Produce the same data once more, line for line.

Data excerpt ▸
+ + +

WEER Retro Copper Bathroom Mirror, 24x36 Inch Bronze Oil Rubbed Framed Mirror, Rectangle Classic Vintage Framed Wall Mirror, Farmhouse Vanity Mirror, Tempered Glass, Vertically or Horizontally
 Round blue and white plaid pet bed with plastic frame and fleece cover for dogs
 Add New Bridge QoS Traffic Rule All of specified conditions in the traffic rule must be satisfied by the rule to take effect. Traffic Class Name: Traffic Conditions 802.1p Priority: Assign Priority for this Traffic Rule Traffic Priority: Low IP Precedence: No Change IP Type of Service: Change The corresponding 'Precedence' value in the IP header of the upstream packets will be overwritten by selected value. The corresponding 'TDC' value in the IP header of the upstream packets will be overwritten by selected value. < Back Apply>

+ + +

Finished task ▸
WEER Retro Copper Bathroom Mirror, 24x36 Inch Bronze Oil Rubbed Framed Mirror, Rectangle Classic Vintage Framed Wall Mirror, Farmhouse Vanity Mirror, Tempered Glass, Vertically or Horizontally
 Round blue and white plaid pet bed with plastic frame and fleece cover for dogs
 Add New Bridge QoS Traffic Rule All of specified conditions in the traffic rule must be satisfied by the rule to take effect. Traffic Class Name: Traffic Conditions 802.1p Priority: Assign Priority for this Traffic Rule Traffic Priority: Low IP Precedence: No Change IP Type of Service: Change The corresponding 'Precedence' value in the IP header of the upstream packets will be overwritten by selected value. The corresponding 'TDC' value in the IP header of the upstream packets will be overwritten by selected value. < Back Apply>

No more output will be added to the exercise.